Brief descriptive captions:
§ §

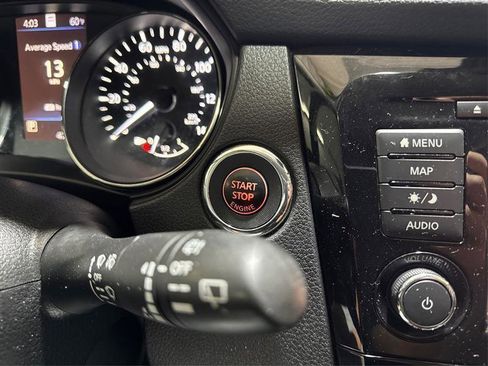 Used 2020 Nissan Rogue Sport SL image 32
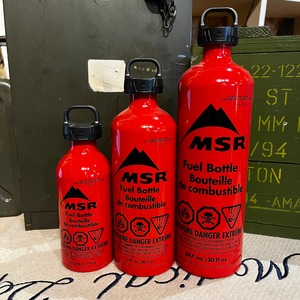 MSR　フューエルボトル30OZ（887ML　画像右）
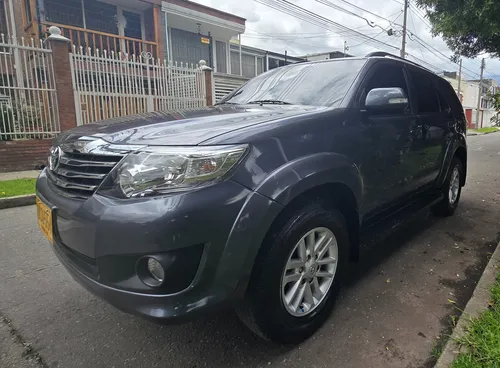 Toyota Fortuner 2.7l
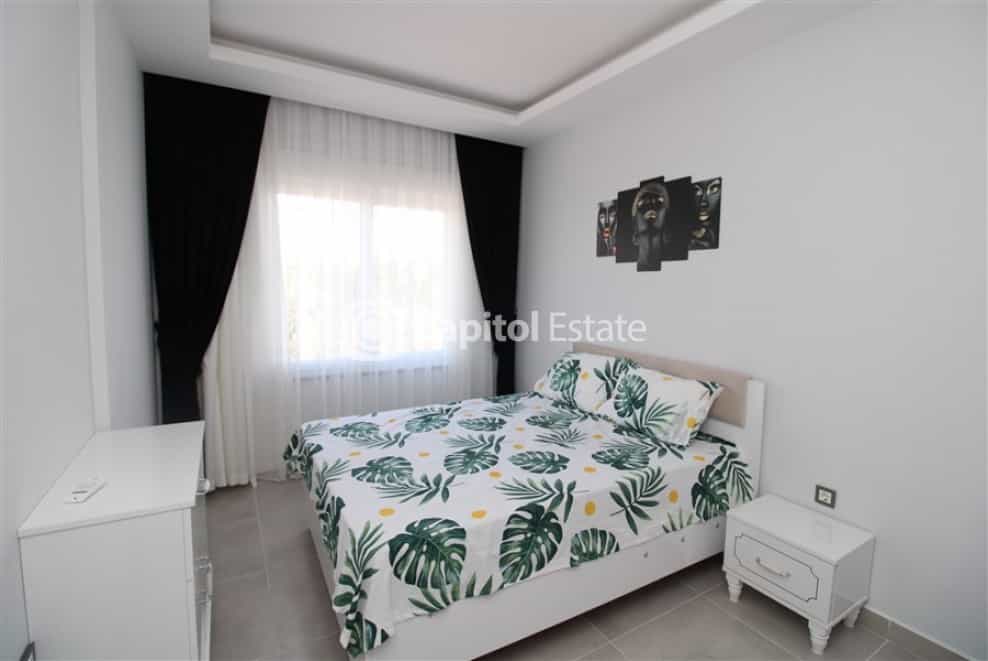 Condominium in Mahmutlar, Antalya 11180840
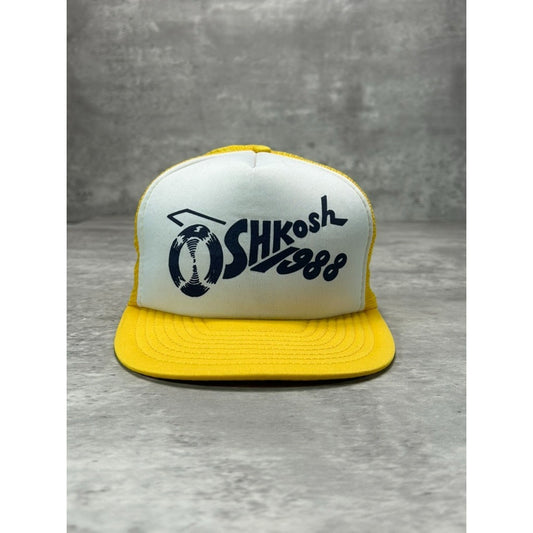 Vintage 1988 Oshkosh Graphic Spellout Trucker Snapback Hat OSFA White/Yellow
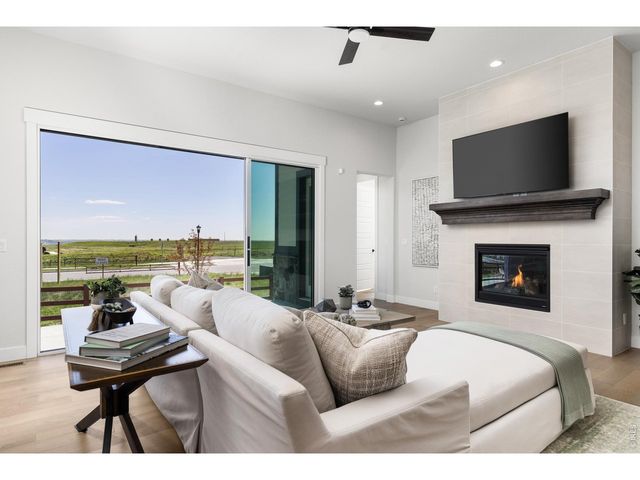 1819 Vista Valley Dr, Windsor, CO 80550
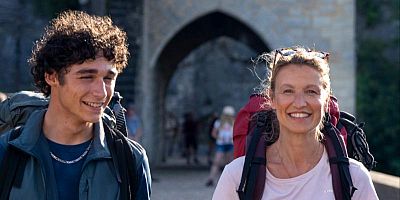 ''Compostelle'' : un film sur la marche, la réparation et un duo Lamy-Le Berre en reconstruction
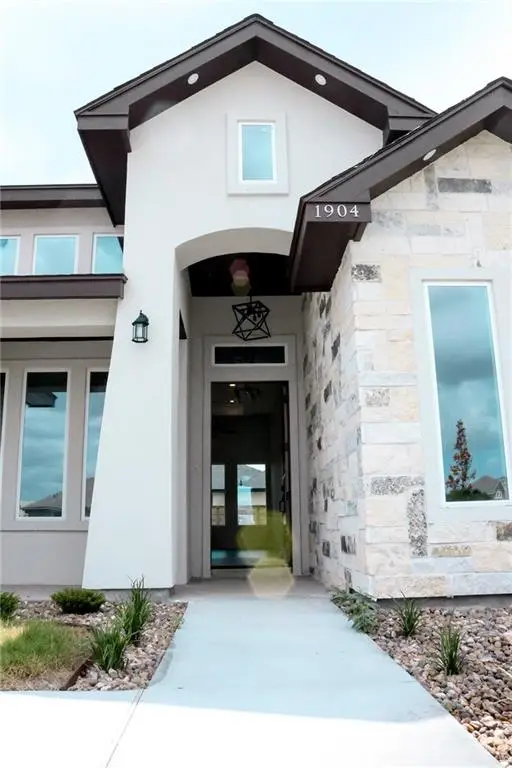 1904 Trophy Drive, Edinburg, TX 78542 - Image #3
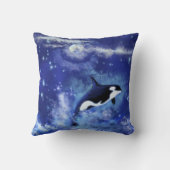 満月のキラークジラ – アートスケッチ – 青 クッション (裏面)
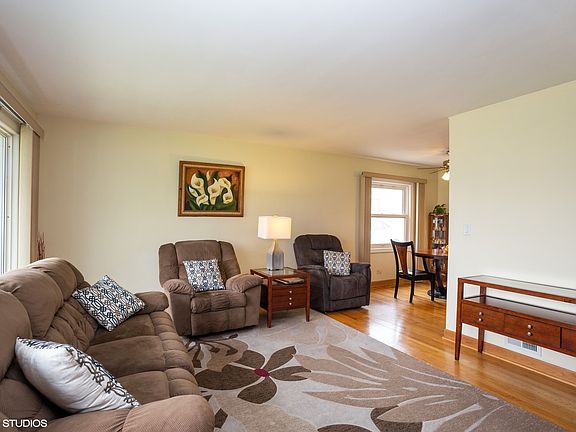 2nd image of 8327 N Oconto Ave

§ §

* What is needed
Write every record out again exactly, omitting the pictures they hold.

* Answer space
 Used 2020 Nissan Rogue Sport SL image 32
 MSR　フューエルボトル30OZ（887ML　画像右）
 Toyota Fortuner 2.7l
 Condominium in Mahmutlar, Antalya 11180840
 Vintage 1988 Oshkosh Graphic Spellout Trucker Snapback Hat OSFA White/Yellow
 1819 Vista Valley Dr, Windsor, CO 80550
 ''Compostelle'' : un film sur la marche, la réparation et un duo Lamy-Le Berre en reconstruction
 1904 Trophy Drive, Edinburg, TX 78542 - Image #3
 満月のキラークジラ – アートスケッチ – 青 クッション (裏面)
 2nd image of 8327 N Oconto Ave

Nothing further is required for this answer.